Work required.
Using the records below, filter for lines that contain the string "Love" and copy them out.

Input data.
◆ ◆ ◆ ◆ ◆
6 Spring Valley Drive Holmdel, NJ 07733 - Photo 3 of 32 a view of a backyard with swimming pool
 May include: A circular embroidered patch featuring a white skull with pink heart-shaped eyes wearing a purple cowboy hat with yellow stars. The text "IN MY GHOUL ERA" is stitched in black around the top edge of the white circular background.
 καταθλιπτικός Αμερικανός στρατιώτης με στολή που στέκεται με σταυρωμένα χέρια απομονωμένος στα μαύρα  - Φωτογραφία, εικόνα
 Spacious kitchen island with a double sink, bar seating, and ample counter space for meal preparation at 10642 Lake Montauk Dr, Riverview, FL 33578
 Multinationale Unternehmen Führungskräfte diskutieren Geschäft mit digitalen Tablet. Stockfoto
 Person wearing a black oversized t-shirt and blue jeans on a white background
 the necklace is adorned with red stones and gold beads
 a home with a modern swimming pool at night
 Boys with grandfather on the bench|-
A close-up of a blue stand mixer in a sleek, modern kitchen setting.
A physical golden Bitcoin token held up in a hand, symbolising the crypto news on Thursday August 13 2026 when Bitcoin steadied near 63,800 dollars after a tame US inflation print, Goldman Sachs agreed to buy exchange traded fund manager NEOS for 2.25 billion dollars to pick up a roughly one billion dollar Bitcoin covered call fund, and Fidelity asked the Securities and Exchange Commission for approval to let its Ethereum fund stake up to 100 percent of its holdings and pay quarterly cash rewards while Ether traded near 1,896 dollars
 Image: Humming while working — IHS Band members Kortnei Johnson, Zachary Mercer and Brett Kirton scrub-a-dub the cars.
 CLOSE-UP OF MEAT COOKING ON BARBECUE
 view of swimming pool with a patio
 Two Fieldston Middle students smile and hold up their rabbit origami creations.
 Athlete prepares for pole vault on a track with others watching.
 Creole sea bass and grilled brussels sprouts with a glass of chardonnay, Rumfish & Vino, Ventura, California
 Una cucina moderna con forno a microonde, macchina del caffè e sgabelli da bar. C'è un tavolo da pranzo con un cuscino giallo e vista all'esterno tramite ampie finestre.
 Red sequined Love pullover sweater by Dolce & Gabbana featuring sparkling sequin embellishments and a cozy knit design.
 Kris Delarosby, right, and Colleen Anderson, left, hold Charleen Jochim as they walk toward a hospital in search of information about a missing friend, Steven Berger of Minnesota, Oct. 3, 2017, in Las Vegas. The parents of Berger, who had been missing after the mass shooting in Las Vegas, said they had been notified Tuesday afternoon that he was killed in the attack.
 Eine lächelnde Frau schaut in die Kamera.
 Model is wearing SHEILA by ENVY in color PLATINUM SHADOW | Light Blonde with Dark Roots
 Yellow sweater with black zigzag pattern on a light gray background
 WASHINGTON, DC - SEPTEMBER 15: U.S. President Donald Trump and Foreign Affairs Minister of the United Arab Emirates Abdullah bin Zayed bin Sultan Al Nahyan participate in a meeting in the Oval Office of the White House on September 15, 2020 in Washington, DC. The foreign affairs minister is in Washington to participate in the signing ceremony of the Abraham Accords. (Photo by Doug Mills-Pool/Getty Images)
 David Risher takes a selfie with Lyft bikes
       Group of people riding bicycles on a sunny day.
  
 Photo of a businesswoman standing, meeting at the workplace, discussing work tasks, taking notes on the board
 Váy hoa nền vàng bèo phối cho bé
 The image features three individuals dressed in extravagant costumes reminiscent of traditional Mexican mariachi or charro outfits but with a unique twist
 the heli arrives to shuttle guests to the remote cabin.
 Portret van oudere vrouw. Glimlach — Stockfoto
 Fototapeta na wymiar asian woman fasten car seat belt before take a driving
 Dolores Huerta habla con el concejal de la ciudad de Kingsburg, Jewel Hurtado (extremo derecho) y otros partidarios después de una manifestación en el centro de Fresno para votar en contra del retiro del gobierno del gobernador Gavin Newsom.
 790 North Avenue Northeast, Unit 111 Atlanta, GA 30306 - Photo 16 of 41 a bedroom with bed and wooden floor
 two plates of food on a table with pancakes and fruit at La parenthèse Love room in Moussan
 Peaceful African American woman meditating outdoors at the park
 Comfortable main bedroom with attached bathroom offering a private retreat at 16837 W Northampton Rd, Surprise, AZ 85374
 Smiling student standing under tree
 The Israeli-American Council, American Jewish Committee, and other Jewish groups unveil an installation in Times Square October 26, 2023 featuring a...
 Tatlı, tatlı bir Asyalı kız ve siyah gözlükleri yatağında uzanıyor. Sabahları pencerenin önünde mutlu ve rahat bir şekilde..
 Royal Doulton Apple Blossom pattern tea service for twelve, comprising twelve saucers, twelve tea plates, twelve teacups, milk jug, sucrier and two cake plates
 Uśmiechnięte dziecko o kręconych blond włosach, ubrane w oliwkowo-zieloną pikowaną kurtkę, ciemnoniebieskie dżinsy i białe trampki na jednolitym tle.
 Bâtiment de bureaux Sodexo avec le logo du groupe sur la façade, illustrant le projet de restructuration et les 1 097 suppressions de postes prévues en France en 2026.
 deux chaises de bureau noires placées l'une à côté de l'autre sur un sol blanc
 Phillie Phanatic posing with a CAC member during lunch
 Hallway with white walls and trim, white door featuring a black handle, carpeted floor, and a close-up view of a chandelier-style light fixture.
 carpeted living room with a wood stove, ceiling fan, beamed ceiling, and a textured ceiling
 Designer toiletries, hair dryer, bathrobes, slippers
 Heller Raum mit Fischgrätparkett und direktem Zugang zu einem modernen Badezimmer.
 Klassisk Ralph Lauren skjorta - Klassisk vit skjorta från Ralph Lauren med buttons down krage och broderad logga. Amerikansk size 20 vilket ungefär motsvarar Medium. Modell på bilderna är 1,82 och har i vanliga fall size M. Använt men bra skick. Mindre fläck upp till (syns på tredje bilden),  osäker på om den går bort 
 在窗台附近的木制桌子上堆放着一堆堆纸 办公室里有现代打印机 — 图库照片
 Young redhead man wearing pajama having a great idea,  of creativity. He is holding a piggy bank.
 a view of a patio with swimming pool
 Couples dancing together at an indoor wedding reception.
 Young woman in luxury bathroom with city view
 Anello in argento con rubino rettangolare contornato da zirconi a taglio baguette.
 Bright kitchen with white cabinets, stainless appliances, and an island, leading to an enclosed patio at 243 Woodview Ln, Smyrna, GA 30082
◆ ◆ ◆ ◆ ◆
Output for this task.
 Red sequined Love pullover sweater by Dolce & Gabbana featuring sparkling sequin embellishments and a cozy knit design.
 two plates of food on a table with pancakes and fruit at La parenthèse Love room in Moussan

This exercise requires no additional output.